↓
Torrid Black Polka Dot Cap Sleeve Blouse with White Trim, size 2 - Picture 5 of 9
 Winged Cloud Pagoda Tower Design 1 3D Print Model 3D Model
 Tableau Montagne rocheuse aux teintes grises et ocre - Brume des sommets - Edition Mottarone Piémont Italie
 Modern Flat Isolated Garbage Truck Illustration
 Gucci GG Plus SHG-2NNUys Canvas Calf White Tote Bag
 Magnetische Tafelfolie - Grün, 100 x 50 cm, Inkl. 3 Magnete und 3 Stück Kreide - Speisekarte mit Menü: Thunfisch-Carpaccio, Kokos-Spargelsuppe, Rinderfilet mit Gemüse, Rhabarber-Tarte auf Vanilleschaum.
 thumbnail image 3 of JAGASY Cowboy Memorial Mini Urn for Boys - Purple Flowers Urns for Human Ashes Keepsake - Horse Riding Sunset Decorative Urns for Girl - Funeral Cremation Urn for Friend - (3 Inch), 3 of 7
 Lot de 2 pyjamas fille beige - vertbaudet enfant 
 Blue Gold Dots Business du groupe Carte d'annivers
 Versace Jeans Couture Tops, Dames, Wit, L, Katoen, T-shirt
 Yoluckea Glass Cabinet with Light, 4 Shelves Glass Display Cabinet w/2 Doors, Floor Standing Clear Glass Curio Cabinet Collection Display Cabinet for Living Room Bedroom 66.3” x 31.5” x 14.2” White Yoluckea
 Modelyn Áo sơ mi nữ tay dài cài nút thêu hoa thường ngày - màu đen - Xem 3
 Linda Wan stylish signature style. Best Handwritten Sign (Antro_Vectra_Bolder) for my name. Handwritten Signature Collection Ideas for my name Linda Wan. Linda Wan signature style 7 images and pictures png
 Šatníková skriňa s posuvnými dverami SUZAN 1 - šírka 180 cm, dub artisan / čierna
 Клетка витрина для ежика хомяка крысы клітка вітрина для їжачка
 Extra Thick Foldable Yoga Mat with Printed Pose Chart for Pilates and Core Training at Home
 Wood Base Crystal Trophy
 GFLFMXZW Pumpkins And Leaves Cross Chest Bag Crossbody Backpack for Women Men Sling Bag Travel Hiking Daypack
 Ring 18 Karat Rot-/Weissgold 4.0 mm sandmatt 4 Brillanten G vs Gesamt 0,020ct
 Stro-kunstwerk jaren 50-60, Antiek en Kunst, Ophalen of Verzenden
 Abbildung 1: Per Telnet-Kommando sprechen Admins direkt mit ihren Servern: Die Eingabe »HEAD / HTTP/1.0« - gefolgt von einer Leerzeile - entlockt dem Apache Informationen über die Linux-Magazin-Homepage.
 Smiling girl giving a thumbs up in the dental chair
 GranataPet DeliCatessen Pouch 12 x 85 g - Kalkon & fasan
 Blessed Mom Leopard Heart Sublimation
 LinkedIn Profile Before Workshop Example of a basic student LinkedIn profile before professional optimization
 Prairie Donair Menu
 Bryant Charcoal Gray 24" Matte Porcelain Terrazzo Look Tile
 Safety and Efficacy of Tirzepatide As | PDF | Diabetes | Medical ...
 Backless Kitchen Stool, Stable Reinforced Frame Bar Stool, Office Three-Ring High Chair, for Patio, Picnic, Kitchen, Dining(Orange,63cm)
↑
**Task details**
Search the records for the word "Ring" and copy every line where it occurs.

**Result of this exercise**
 Ring 18 Karat Rot-/Weissgold 4.0 mm sandmatt 4 Brillanten G vs Gesamt 0,020ct
 Backless Kitchen Stool, Stable Reinforced Frame Bar Stool, Office Three-Ring High Chair, for Patio, Picnic, Kitchen, Dining(Orange,63cm)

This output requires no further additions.